26 November 2010

KOLAM


Judul: Kolam
Pengarang: Sapardi Djoko Damono
Penerbit: Editum
Tebal halaman: 120 hlm

Dari sejak awal buku ini diterbitkan, aku sudah sangat menginginkannya. Apalagi setelah membaca beberapa puisi di dalamnya yang ditulis dalam beberapa blog. Jadi sungguh sangat ingin, hingga terbayang bayang. Tapi apa daya, ternyata buku ini sangat sulit didapat. Di berbagai toko buku terkemuka tak kutemukan, di toko buku online pun aku tak berhasil mendapatkannya. Entah karena memang berjodoh dan memang rejekiku, tanpa dinyana nyana, suamiku yang sedang jalan jalan ke suatu pameran menemukannya. Wow, bersuka citalah aku hingga rasanya ingin melompat.
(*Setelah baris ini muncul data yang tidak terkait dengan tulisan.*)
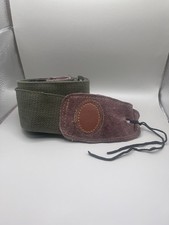 2" Green Guitar Strap w/Leather Ends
Dan memang benar, begitu aku membacanya, kesimpulanku : aku sungguh sangat menyukai buku ini!! Sebanding dengan sulitnya mendapatkan buku ini.

Buku ini terbagi menjadi 3 bagian: Buku Satu, Buku Dua, dan Buku Tiga. Isinya unik dengan beragam tema seperti biasa. Tema tema sederhana yang dikemas dalam bentuk yang indah, tema hidup keseharian, tema alam, tema yang menurut kita unik untuk dijadikan sebuah puisi. Tapi jadi indah, sangat indah. Ada juga beberapa puisi yang seolah berisi dialog. Emm, bukan dialog sebenarnya, karena orang kedua hanya menimpali kalimat orang pertama, yang biasanya bertindak sebagai aku. Misalnya dalam puisi yang ke 32, ‘SONET 11’.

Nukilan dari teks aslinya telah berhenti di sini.